The Indiana Pacers offense is humming along against the Miami Heat, performing at an impressive efficiency rate against the defending champs.

So why is it so painful to watch?

Zach Lowe reported on the amazing offensive numbers the Pacers are putting up against the Heat defense. But while the numbers may look good on paper, the offense hasn't looked particularly good in person. Painful and frustrating are two words that come to me before impressive when considering the Pacers offense in their Game 4 win over the Heat. Still, as Lowe mentions, something is working for the Pacers.

Not even Frank Vogel could have seen this coming, though his adjustments game-to-game have had a lot to do with Indiana's shocking decimation of Miami's coordinated chaos on defense. So have the following things: Indiana shooting 37 percent from 3-point range; Indiana getting to the line at a bonkers rate; Ray Allen's inability to guard anyone other than, bizarrely, Paul George; and the Pacers rebounding 39.9 percent of their own misses, an offensive rebounding rate that would be the highest in the history of the league if any team actually pulled it off for an entire season. The Pacers couldn't do that, of course. This is just a four-game sample size, but the comparison with season-long marks, while not useful in any deep way, indicates how badly the Pacers are dominating the glass.

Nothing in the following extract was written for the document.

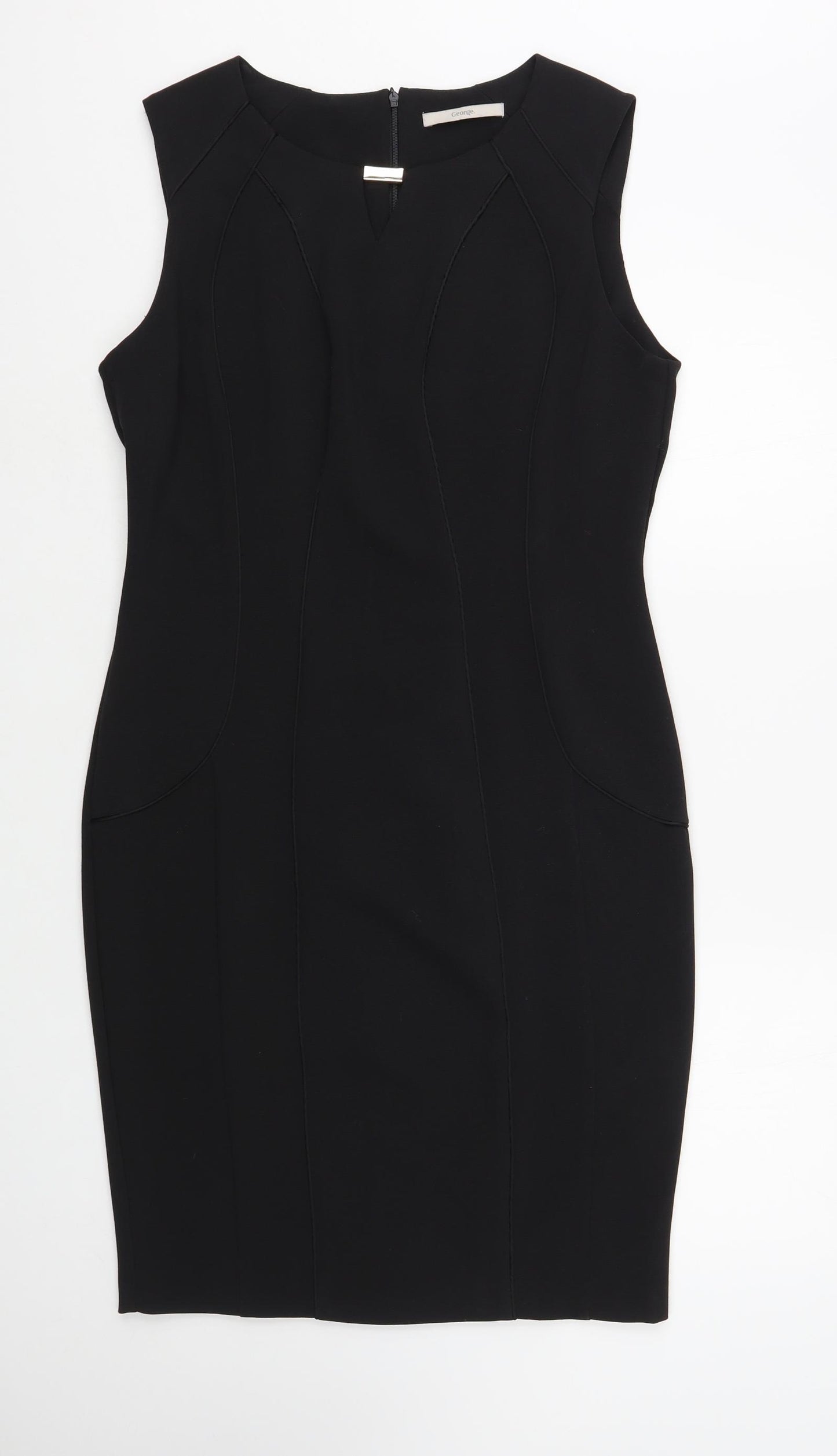 George Womens Black Polyester Pencil Dress Size 14 Boat Neck Zip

That ridiculous rebound rate and all of those free throws are where the Pacers are making hay, which helps bail out bad offensive possessions. How many possessions go deep into the shot clock, by design in most cases, and leave the Pacers scrambling to get a shot up? It almost seems like the plan is to simply free a player with the ball to get the ball to the rim so the other players can crash the glass.

Roy Hibbert and David West can have their way in the post, so naturally it is frustrating when the Pacers just don't force feed Hibbert or West in the post to continue dominating in the paint. I realize it isn't that easy and Hibbert is doing a great job of getting deep post position. Getting the ball to him is easier said than done on some possessions.

But I refuse to believe there isn't plenty of room for improvement from the Pacers on offense. The Pacers had 13 turnovers, which is considered a good night. But the fundamental post-entry passes that go awry, or Paul George just lobbing a pass right to LeBron James on an out of bounds play are wasted opportunities.

Lance Stephenson makes the Pacers better in attack mode, but his decisions don't always add up. Again, wasted opportunities we've learned to live with for the big plays Stephenson can makes with the aggressive mind set. Still, there's room for the young guard to tighten up his game and help the Pacers on offense.

Finally, Paul George struggled in Game 4 and his foul trouble was a big part. Fatigue? Yes, he's gone through the Josh Smith, Carmelo Anthony and now LeBron James gauntlet, but foul trouble is more of a problem than being tired. It seems like George was frustrated and anxious with the ball in Game 4, desperate to make a play but trying to do things out of his comfort zone which led to botched possessions. PG's offensive game isn't at a place where he can pick his spots and create on his own. He has to let the game come to him and work within a system to find scoring opportunities. Just stop forcing the issue against the active and athletic Heat defense.

So, yeah, the Pacers are getting buckets and believe me, I don't care how they are doing it. But I also can't help but think the Pacers can improve their level of play against the Heat, which they will need to do as the series goes to another level of intensity in Game 5 on Thursday night in Miami.